▶ **WORK INSTRUCTION**:
Repeat each line of the material below exactly as it appears, minus any pictures.

▶ **DATA SHOWN**:
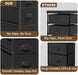 Black SlimStorage Narrow Five Drawer Dresser Wheeled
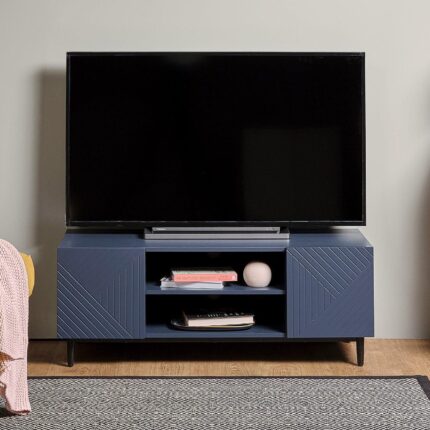 Outlet - Jack TV Unit - Geometric - Blue
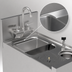 Thumbnail image #5 for Perlick Top Shelf Series 14-Inch Underbar Prep Sink with Sink Bowl, Glass Rinser, and Tool Well Faucet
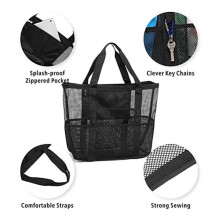 Strandtasche mit Großem Fassungsvermögen, Netz-Schwimmtasche, Multifunktionale Reisehandtasche, Strandtasche, Badeanzug-Aufbewahrungstasche B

▶ **TASK RESULT**:
 Black SlimStorage Narrow Five Drawer Dresser Wheeled
 Outlet - Jack TV Unit - Geometric - Blue
 Thumbnail image #5 for Perlick Top Shelf Series 14-Inch Underbar Prep Sink with Sink Bowl, Glass Rinser, and Tool Well Faucet
 Strandtasche mit Großem Fassungsvermögen, Netz-Schwimmtasche, Multifunktionale Reisehandtasche, Strandtasche, Badeanzug-Aufbewahrungstasche B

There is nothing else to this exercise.